TThe last thing any self-respecting politician needs or wants is a ringing endorsement from Donald Trump. The United States president particularly likes to offer his advice to British politicians, and to the British electorate. Neither want it.

After Boris Johnson became prime minister of the United Kingdom on Tuesday, Trump told a cheering crowd that he will do a great job. Johnson is the “Britain Trump,” he said, in true Trump fashion, and that’s a good thing because “they like me there.”

It seems fitting that Johnson’s premiership started out with a lie from the biggest liar of them all. (Spoiler: Trump is deeply unpopular here in Britain.)

But, Trump does have a point. The U.K.’s bumbling showman of a new prime minister, with his signature silly blond hair, a trail of mistresses and jilted wives, and a record of lying, is indeed something of a “Britain Trump.”

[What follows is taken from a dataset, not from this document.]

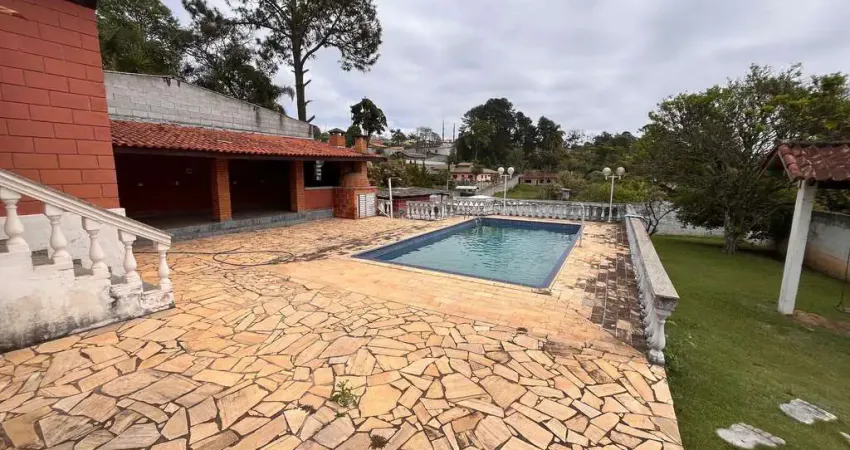 Casa de Condomínio à Venda em Cotia-SP: Oportunidade única no Bairro Chácara Rincão! 3 quartos, 1 suíte, 3 banheiros, 6 vagas de garagem.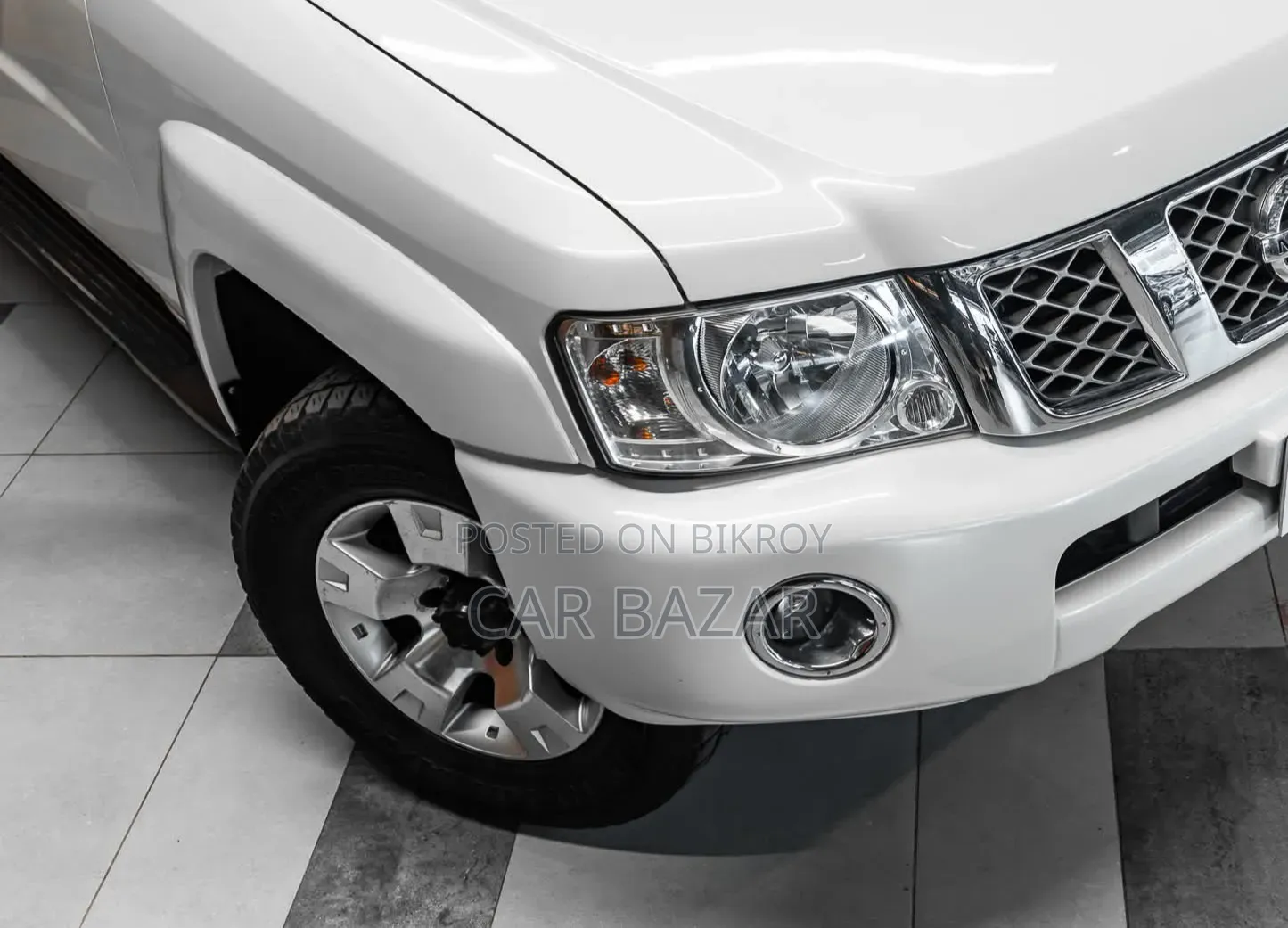 Nissan Patrol 2009 Off white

And that should terrify us all.

First, some background. Johnson is a journalist, though his lifelong ambition was always to become prime minister. His biography of Winston Churchill clearly implied that he sees himself as this generation’s Churchill, and his timing is now perfect. He is taking the reins of power just as the country is in its biggest crisis since the last war. He can now prove himself by rescuing the country from disaster, though as the leader of the Vote Leave campaign, and chief antagonist to former Prime Minister Theresa May, this is mainly a disaster of his own making.

Johnson has a worrying mix of Dunning-Kruger lack of insight and extreme privilege, meaning he, alone, is unable to see that he is not anywhere near the caliber of Churchill. He has the bravado, breeding, and confidence of Churchill without any of the empathy, morality, or intellect. This type of temperament could be his undoing, and ours.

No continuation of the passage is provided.